La manifestation doit continuer jusqu’à la présidence de la faculté pour protester contre ce nouveau calendrier et, partant, contre les agissements récents de Solidaires. Leurs militants, qui s’étaient imposés à la tête de cortège, décident soudainement de ne plus avancer. Notre reporter, qui ne fermera pas sa gueule, donc, prend le mégaphone et invite le reste de la manif à se désolidariser de Solidaires. Tout le monde finit par courir sur la route pour les contourner et poursuivre la manifestation en slalomant entre les voitures. A partir de ce moment, les militants de Solidaires poussent la sirène de leur mégaphone au maximum pour couvrir les chants anti-calendrier. Décidément, la répression leur colle comme un gant. Dans leur voiture, les bacqueux s’imaginent déjà au chômage – et avec le nouveau mode de calcul des indemnités bientôt en vigueur, ils commencent légitimement à s’inquiéter. Peut-être iront-ils manifester à leur tour, et, ce jour-là, Solidaires Etudiants Montpellier se chargera du maintien de l’ordre ?
Conspués par le reste du cortège pour leur attitude, les révolutionnaires de salon finissent par se mettre sur le côté et, apparemment déconfits, cessent leur cirque. Arrivés au CROUS, point final de la partie déclarée de la manif, Solidaires remballe les drapeaux et se dissout, probablement pour aller rendre compte de cette grande victoire populaire au Parti, conscients que le reste de la manif, engagée en direction de Paul Va, ne sera pas récupérable.

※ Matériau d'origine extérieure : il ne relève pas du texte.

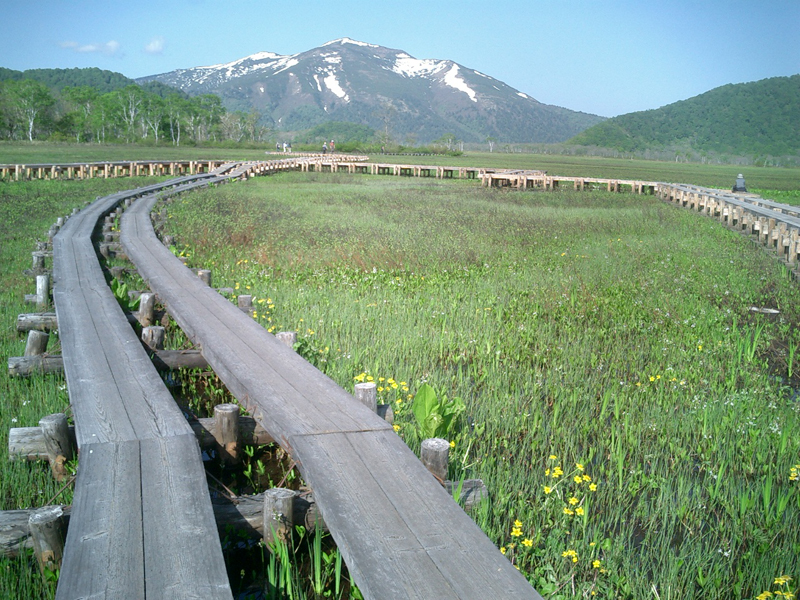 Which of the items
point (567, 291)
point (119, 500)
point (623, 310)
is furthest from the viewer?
point (567, 291)

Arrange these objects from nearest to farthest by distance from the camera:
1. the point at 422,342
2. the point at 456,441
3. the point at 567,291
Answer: the point at 456,441 < the point at 422,342 < the point at 567,291

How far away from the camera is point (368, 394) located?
13.4 ft

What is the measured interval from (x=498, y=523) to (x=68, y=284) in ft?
18.4

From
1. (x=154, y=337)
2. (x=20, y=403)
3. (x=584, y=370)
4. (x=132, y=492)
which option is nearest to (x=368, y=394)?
(x=132, y=492)

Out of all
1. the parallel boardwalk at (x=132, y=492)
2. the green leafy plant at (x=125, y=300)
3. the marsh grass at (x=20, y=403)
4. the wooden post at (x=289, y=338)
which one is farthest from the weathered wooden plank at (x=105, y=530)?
the green leafy plant at (x=125, y=300)

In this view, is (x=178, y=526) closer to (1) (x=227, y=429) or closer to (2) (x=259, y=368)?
(1) (x=227, y=429)

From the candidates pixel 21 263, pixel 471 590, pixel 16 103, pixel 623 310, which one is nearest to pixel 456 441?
pixel 471 590

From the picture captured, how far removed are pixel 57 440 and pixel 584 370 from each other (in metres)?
4.40

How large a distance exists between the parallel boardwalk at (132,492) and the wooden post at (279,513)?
0.99 feet

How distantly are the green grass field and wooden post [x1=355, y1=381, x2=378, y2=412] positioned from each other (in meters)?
0.57

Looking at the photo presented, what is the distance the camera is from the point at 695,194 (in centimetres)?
2409

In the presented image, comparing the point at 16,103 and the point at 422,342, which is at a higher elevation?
the point at 16,103

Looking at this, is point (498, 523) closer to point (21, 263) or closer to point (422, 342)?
point (422, 342)

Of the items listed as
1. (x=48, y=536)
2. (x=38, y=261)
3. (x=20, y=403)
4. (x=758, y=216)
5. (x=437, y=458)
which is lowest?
(x=20, y=403) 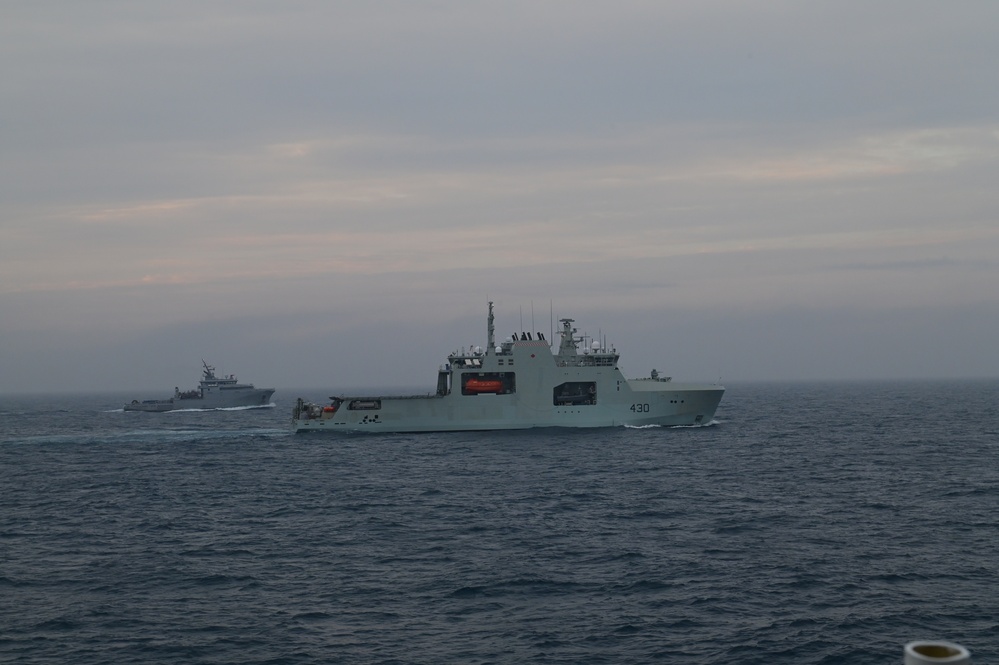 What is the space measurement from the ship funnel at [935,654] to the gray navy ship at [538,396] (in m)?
57.1

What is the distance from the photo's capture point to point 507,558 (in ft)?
85.6

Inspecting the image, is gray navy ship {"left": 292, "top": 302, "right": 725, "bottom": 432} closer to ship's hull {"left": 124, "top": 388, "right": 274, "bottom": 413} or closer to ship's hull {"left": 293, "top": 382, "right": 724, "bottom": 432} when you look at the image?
ship's hull {"left": 293, "top": 382, "right": 724, "bottom": 432}

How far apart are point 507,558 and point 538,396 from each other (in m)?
38.8

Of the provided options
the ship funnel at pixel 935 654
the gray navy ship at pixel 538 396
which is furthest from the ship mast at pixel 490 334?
the ship funnel at pixel 935 654

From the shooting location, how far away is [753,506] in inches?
1359

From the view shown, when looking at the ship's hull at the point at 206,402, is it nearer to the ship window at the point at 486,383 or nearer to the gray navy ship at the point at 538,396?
the gray navy ship at the point at 538,396

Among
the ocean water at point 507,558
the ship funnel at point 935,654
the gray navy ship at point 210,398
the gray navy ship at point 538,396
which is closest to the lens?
the ship funnel at point 935,654

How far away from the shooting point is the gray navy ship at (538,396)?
6450 cm

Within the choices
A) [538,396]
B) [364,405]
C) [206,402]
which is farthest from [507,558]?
[206,402]

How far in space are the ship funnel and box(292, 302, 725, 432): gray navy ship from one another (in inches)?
2246

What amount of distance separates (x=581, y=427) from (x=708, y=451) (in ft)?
40.4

On entre finalement en scred dans les bâtiments de la présidence après diversion auprès d’un agent de sécurité. On crie à la présidente qu’on va venir la chercher, et puis on danse sur « All you need is love » des Beatles dans les couloirs du bâtiment administratif.
En conclusion, on ne peut que se dire qu’on a vécu une énième défaite de fait, quand bien même elle a eu parfois des allures de fête. L’un des principaux enseignements qu’on peut tirer de la journée est celui de la décomposition-recomposition à l’œuvre dans le mouvement étudiant, et dans le front social. Pour paraphraser l’autre : les vieilles figures se meurent, les nouveaux venus tardent à s’imposer, et dans ce clair-obscur rôdent les bureaucrates. En tout cas, le grand soir ne sera d’évidence pas pour tout de suite. On se rassure en se disant que c’est probablement à cause du couvre-feu.